■ Directions for this task
Give back the exact lines of the material below from the one containing "Cult Gaia バレッタ" through the one containing "Къс топ, снимка 1", and no pictures.

--- Dataset entries Enclosed Below ---

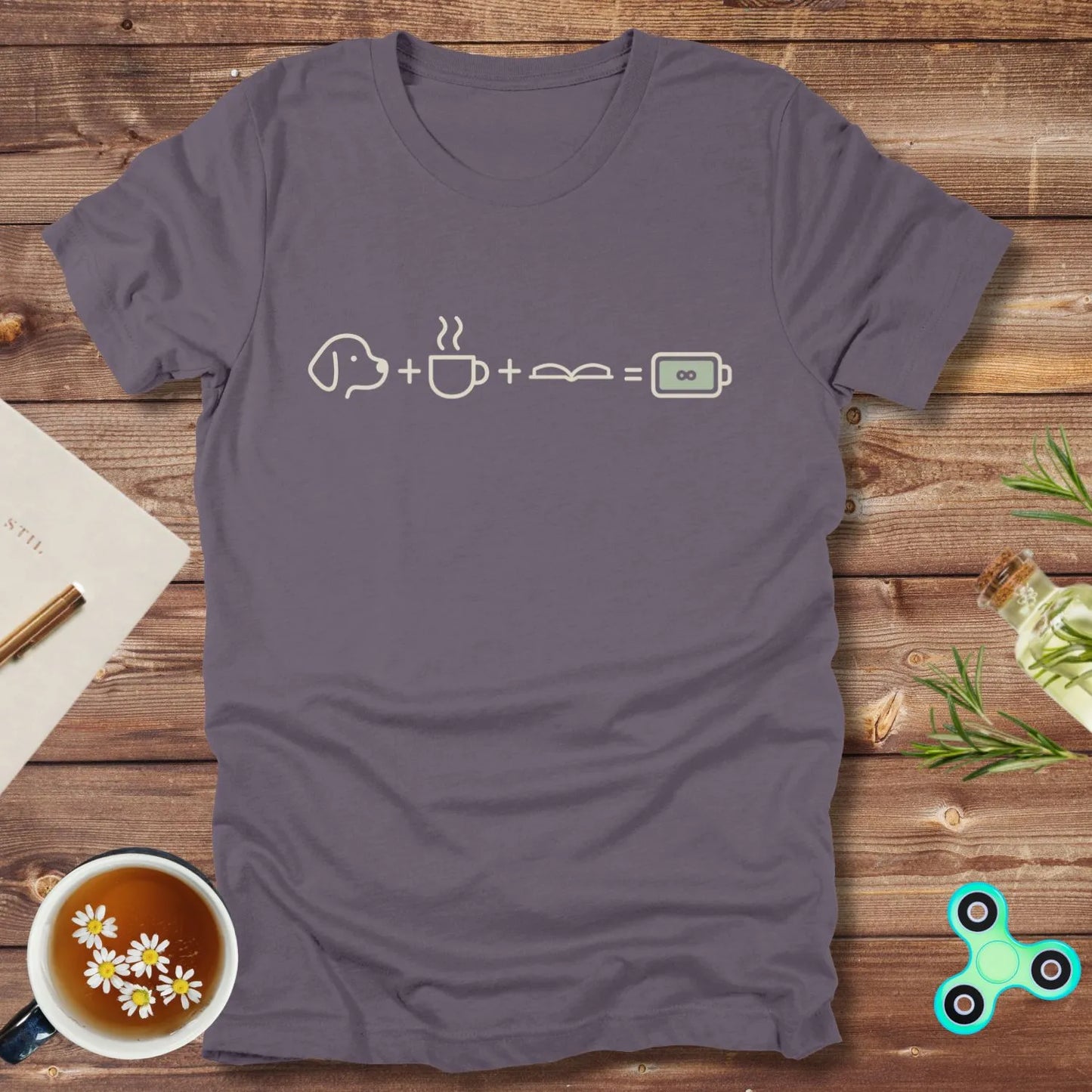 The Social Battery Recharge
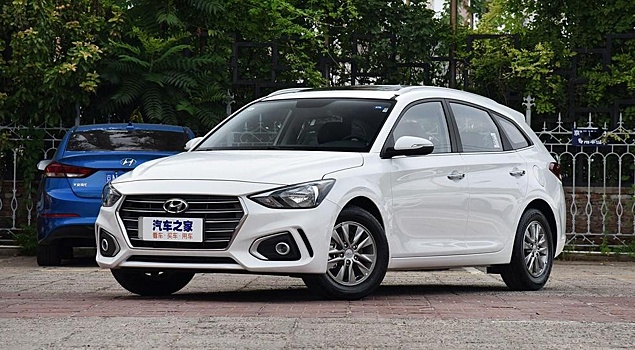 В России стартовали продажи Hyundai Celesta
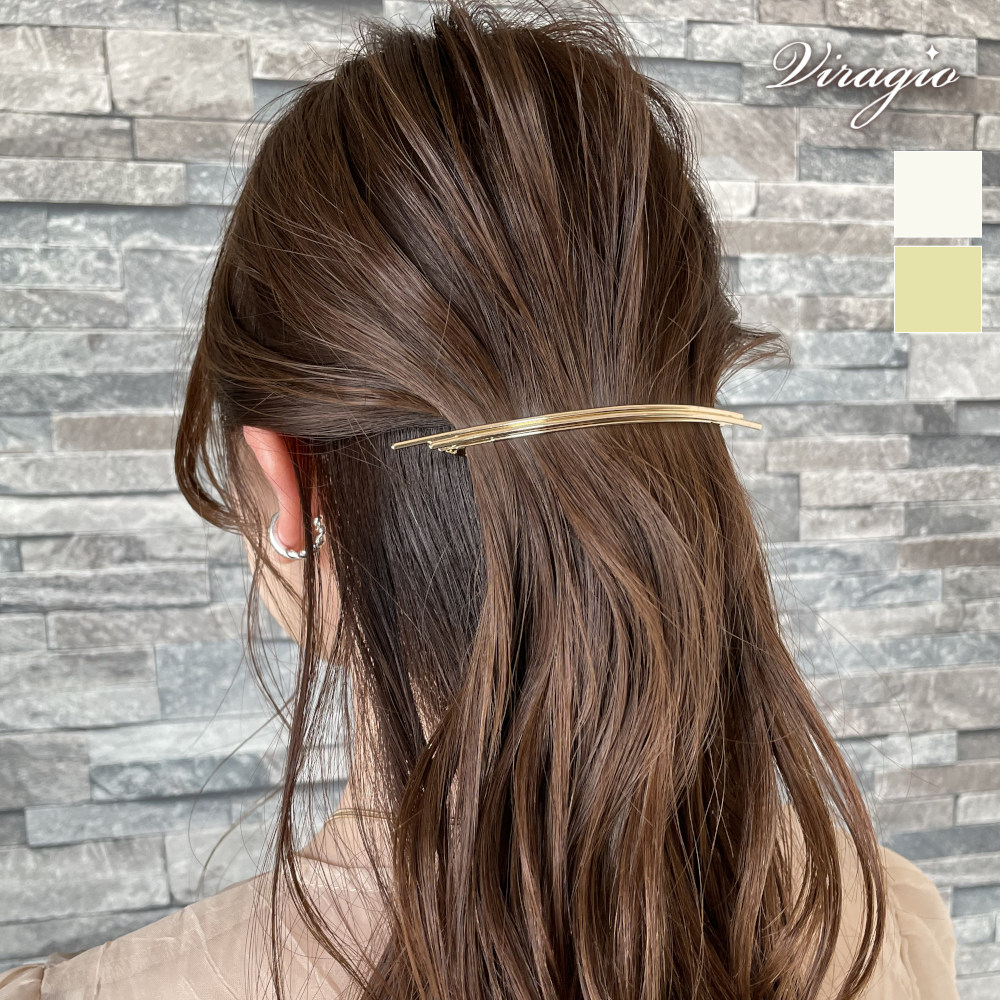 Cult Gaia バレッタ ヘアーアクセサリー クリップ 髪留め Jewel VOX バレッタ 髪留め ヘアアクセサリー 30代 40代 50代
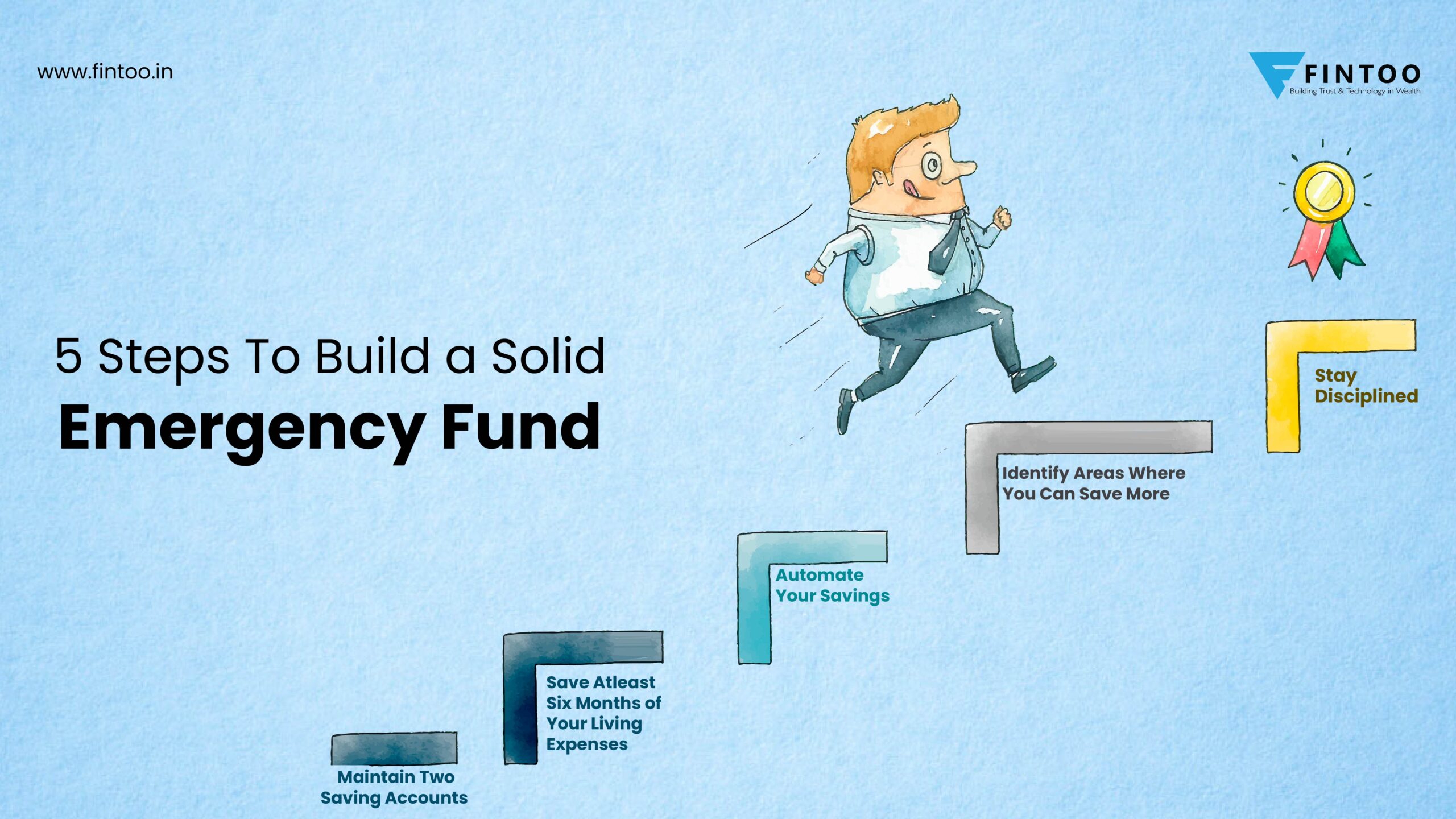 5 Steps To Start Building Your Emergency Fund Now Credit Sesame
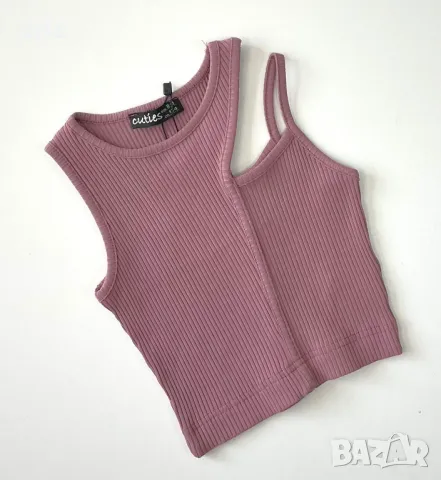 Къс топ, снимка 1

--- End of Enclosed Dataset entries ---
--- Dataset entries Enclosed Below ---

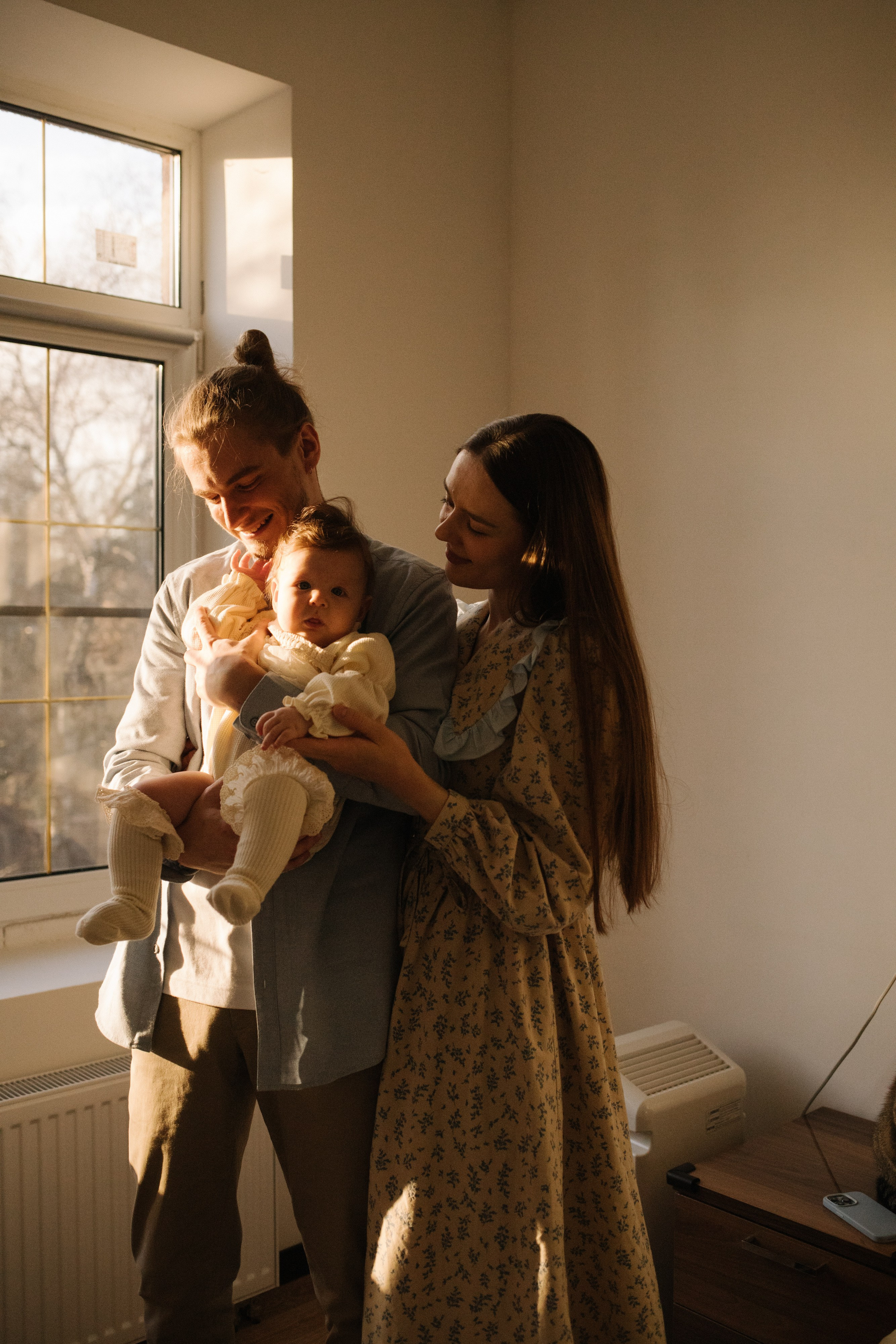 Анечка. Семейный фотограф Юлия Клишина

--- End of Enclosed Dataset entries ---
--- Dataset entries Enclosed Below ---

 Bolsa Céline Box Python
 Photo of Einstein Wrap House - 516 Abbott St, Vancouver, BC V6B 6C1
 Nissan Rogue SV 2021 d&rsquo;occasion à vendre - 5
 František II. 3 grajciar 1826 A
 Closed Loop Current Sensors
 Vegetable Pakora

--- End of Enclosed Dataset entries ---

■ Solution to this problem
 Cult Gaia バレッタ ヘアーアクセサリー クリップ 髪留め Jewel VOX バレッタ 髪留め ヘアアクセサリー 30代 40代 50代
 5 Steps To Start Building Your Emergency Fund Now Credit Sesame
 Къс топ, снимка 1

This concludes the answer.